Animal Instinct Rules at Wildlife Removal Franchise
"Sometimes mixing business and biology is like mixing oil and water," says Kevin Clark, president of Critter Control Inc. "It just doesn't go very well." However, this concern didn't stop the self-proclaimed outdoorsman from building the nation's leading wildlife removal and management firm with more than 100 offices coast to coast.
Clark's days, and some nights, are filled with relocating beavers, raccoons, deer, rattlesnakes, bats and the occasional bear or alligator from people's homes. He admits he wouldn't have it any other way. "Animals are such interesting things," Clark says. "While we don't believe in animal rights [to the extent] that cockroaches have the same rights as humans, we certainly care about their welfare and being safe, humane, effective and environmentally responsible."
Clark began his business in 1983 in Traverse City, Michigan. When the advertising firm that he worked at folded, Clark had to scramble for work. Taking his father's advice, he became a part-time chimney sweep. "Back in the early '80s, wood burning in the north was all the rage," he explains. On the job, he frequently received calls to remove birds, raccoons and squirrels from the chimneys. Realizing his talent with the critters, Clark began marketing himself to pest control companies, asking, "If you don't handle animals in chimneys, would you refer me?" The references trickled in, and even the bigger pest control companies like Orkin began to know Clark as the chimney critter remover.

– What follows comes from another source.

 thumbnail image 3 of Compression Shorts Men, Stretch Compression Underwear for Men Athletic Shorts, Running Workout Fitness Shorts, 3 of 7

A makeshift Critter Control office was born in Clark's home. "I would sit there on the phone every night for an hour or two until I sold two or three chimney jobs for the next day. So I really lived hand-to-mouth for months and months." In 1983, the animal removal idea took off and by 1985, Clark began opening branch offices in other parts of Michigan, Ohio and Florida.

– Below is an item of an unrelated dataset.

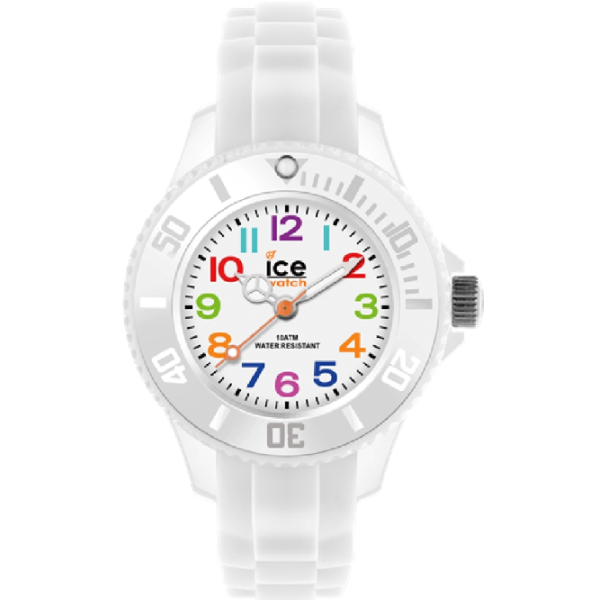 Reloj Ice Watch Mini White Extra Small 3H Ref: 000 744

A typical day for Clark begins in an intimate office setting. The average office is still limited to about 15 employees, who report in with trucks and equipment to get their routes for the day.

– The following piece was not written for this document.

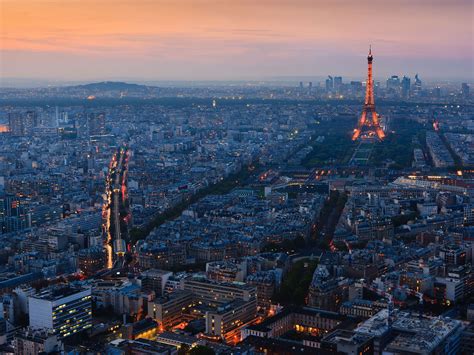 Where To Get The Best Views Of The Eiffel Tower Photos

Clark gets into the office around 7 a.m. From there, the calls begin. "It's a requirement that the traps are checked daily in most states," he explains, "so you want to call that customer at 7:30 or 8 in the morning and say 'Is a raccoon in the trap? Can you look out the front door and see if there's a skunk in the trap?'" If the traps are empty, the crew is saved a trip. With territories that span two to four counties, Critter Control employees cover a lot of miles, racking up about 35,000 miles per truck per year.
From there, the Critter Control crew draws up its battle plan. They set up a laminated map of their territories and sketch out routes, so Clark knows where every team member is at any given time. If he gets an emergency call, he can have a truck in the nearby area respond without a moment's delay. Clark says the most important thing to remember in his business is, "people with an animal in their house don't care much-they care how fast!"
Though big emergencies are not everyday occurrences, Clark must stay on his toes. One evening, when he had already gone home for the day, he received a message from his technician on call. A huge buck had been spotted running through a residential neighborhood earlier that day. Clark had patrolled the area earlier and didn't see any sign of it. "This was about two in the afternoon," he said, "and I sort of forgot about it and thought the animal had gone back to the woods."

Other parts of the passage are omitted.